What I would like to know is the order in which the delegates are called.
Good question — this is really pretty dependent on what is happening/what you are doing. It isn’t so much that there is a particular order to expect but that there are particular events which will result in a certain delegate callback. The basic thing that you will see is the start event, then lots and lots of updates of the live speech event (as you mention) followed by a finalized speech event.
However pocketsphinxDidStopListening doesn’t appear to be called, should this not be called as some point before pocketsphinxDidStartListening is called? Or should pocketsphinxDidStartListening not be called except for the very first time?
I think this is an example of flawed naming on my part — pocketsphinxDidStartListening and pocketsphinxDidStopListening are not actually analogs. pocketsphinxDidStartListening is called when entering the listening loop, pocketsphinxDidStopListening is called when turning off the recognition engine finally.
What causes rapidEarsDidDetectFinishedSpeechAsWordArray to be called? Does it still work on the second of silence?
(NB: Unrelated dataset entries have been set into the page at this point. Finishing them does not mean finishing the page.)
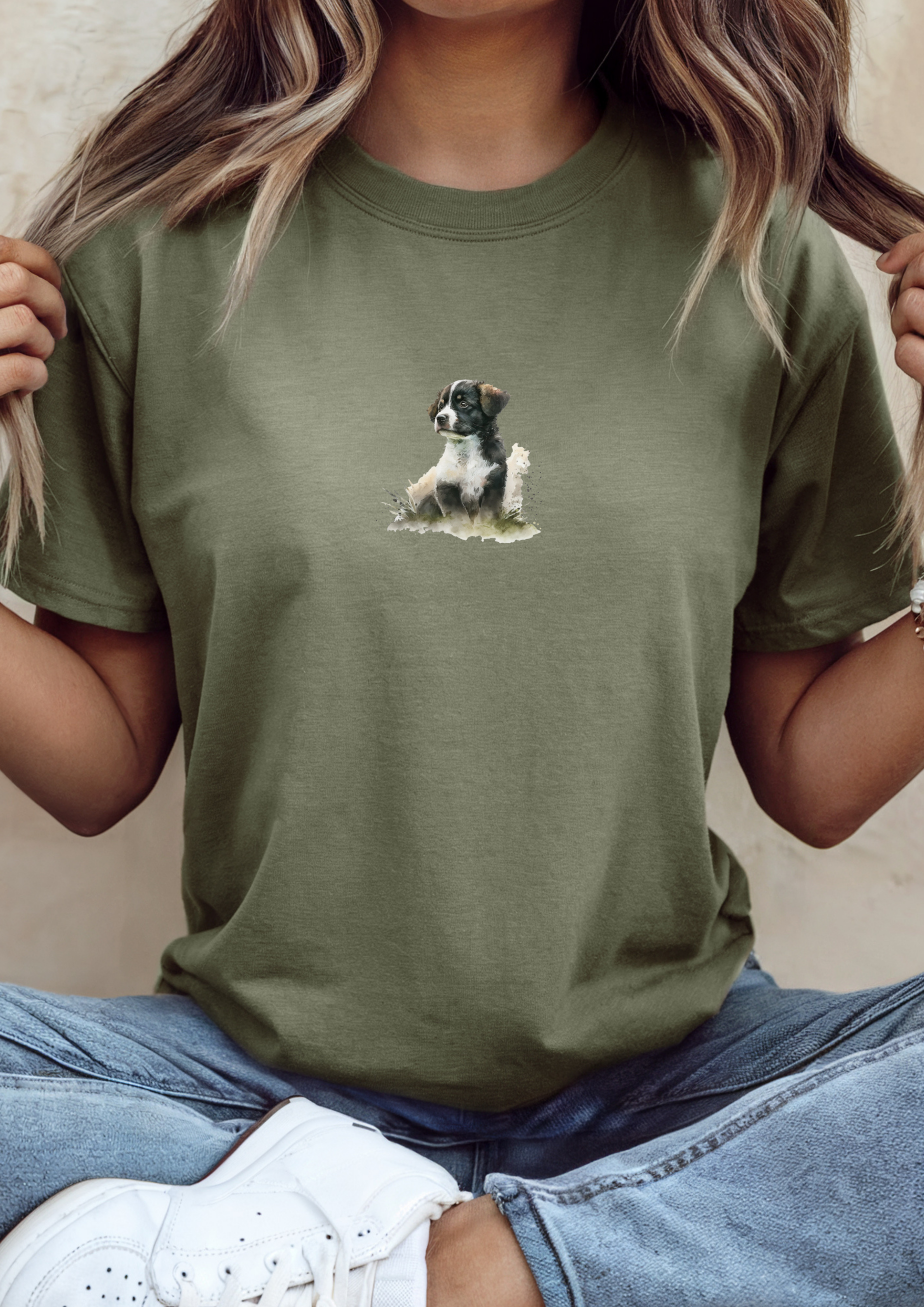 bügelbild hund bügelbild hund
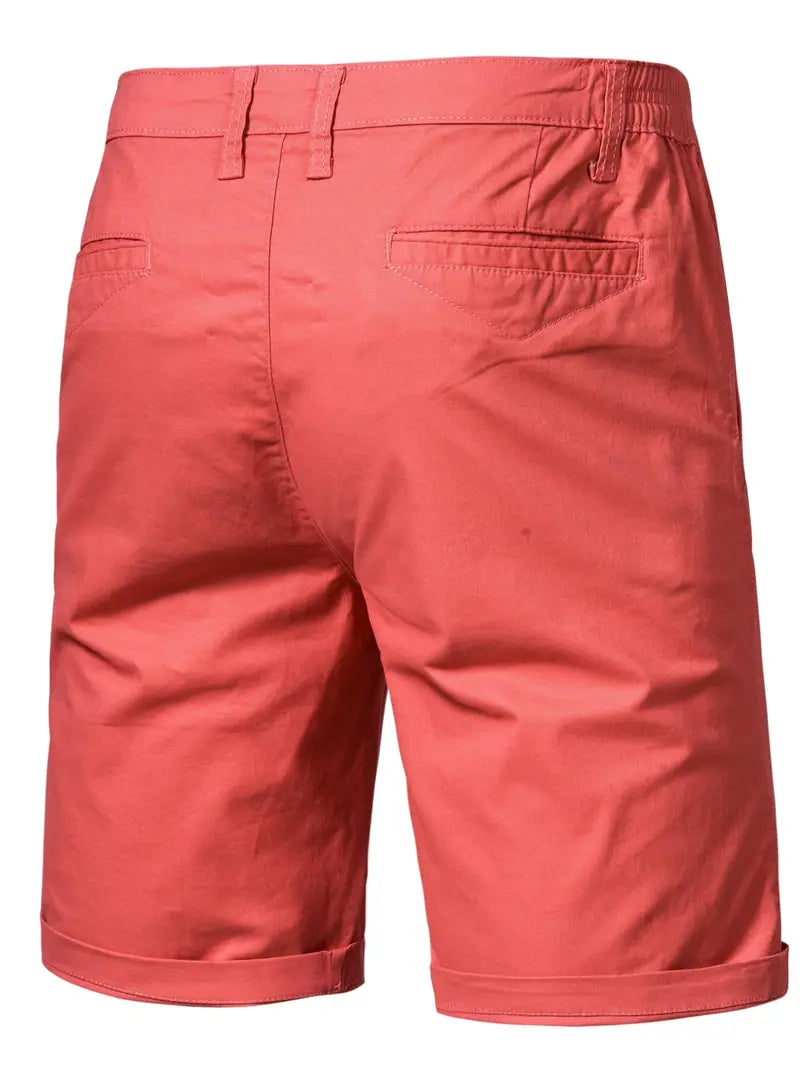 AnaJosé™ | Pantalones cortos de algodón con bolsillos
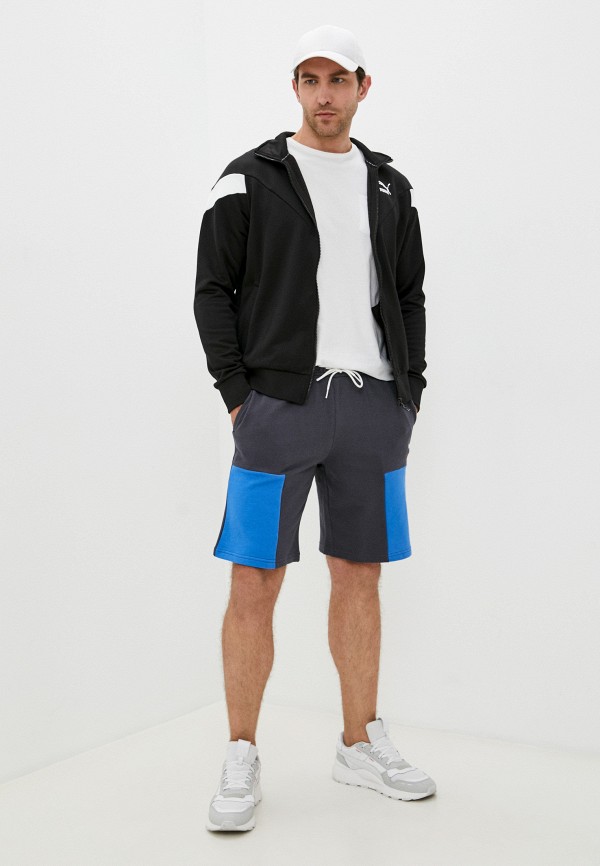 

Шорты спортивные PUMA, Серый, CLSX Shorts TR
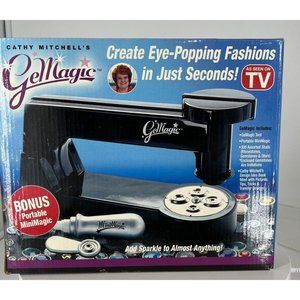 COPY - Cathy Mitchell's GeMagic Stud Setting Bedazzler Machine System NEW In BOX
Correct, there are lots of attempts to recognize during the speech, and then once there is a pause there is a finalized, higher-accuracy attempt that is very similar to the default recognition behavior of OpenEars. It can be turned off (and should be turned off to save a few cycles) if you are only interested in the live speech but I left the option in there of using it so you aren’t excluded from the old-style pause-based recognition if you choose RapidEars. You can turn it off by setting this:
Just to confirm but pocketsphinxDidReceiveHypothese should no longer should be callled?
What sort of delay if any will be caused when it’s switching between these states? I’m mainly interested in trying to find out if any words will be lost if they are said between rapidEarsDidDetectFinishedSpeechAsWordArray and pocketsphinxDidStartListening being called, how is the reconigition loop affected, should I make the user wait before continuing to speak?
Just like with OpenEars, the engine is not taking in new audio while it is performing that pause-based finalized recognition (if you tell it to stop finalizing the expected behavior is that it shouldn’t have gaps in listening — let me know if that isn’t the case). But there shouldn’t be a delay in the time between returning the hypothesis and going back to listening.